This is a slightly edited/expanded version of a post that was published recently on the Credera website.
If you’re a CDO (in either name or responsibility), chances are you’ve had to write a data strategy – heck, perhaps you’re even writing one right now. If you haven’t, you may feel that everything would go much more smoothly if you were able to pull it out of your bag and wave it in the face of every naysaying executive stakeholder who dares to question your work, with a righteous cry of, “it’s in the data strategy!” Sadly, naysayers are not so easily swayed. But there are some things you can do to at least raise the chances of your data strategy causing the C-suite to fall gratefully in line.
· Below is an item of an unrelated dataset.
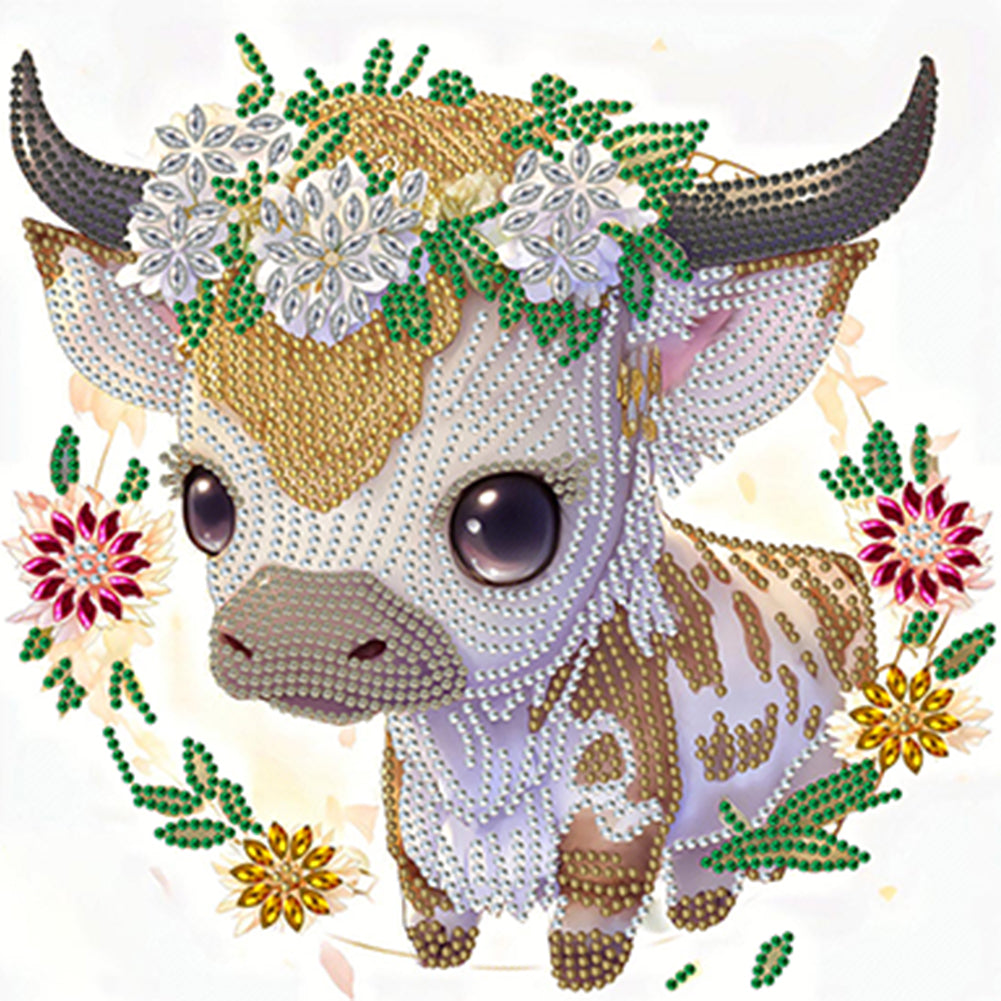 Comic Version Zodiac Animal - Special Shaped Drill Diamond Painting 30*30CM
Why bother with a data strategy?
The CDO role is notoriously hard to pin down, and its success criteria even more so, as I’ve previously discussed. Some sort of document that puts flesh on the bones of an organisation’s aspiration to “be more data-driven” therefore seems like a good idea — it can help define the areas where the organisation needs to focus and provide a framework for determining whether progress is being made.
It’s not, of course, a magic bullet. A data strategy, however well-written and blessed by executive leadership, only represents the start of the CDO’s job of cajoling stakeholders and execution partners to pull together. But it can establish a set of principles that the organisation can use to guide data investments, and help to energise disparate teams who must work together and compromise in the name of progress.
Keys to a successful data strategy
Not all Data Strategies are created equal. Some drive real change and transformation; others gather dust on a shelf, or – worse – cause confusion and conflict. But what can you do to ensure yours falls into the first category, and not the second? Here are ten tips.
1. Connect it to your organisation’s goals
I’ve lost count of the number of times I’ve talked to CDOs who, when asked what their Data strategy is, have said something like, “We want to build a high-quality enterprise data platform to allow us to transform into a data-driven organisation”. When pressed on exactly what this means, they’ll mumble something about data quality, or data cataloguing, or perhaps a single customer view.
I call this the “Field of Dreams” approach to data strategy — If you build it, they will come. It’s a strategy based on the hope that if good quality, easily accessible data is available, people will magically know what to do with it and how to leverage it to achieve their goals.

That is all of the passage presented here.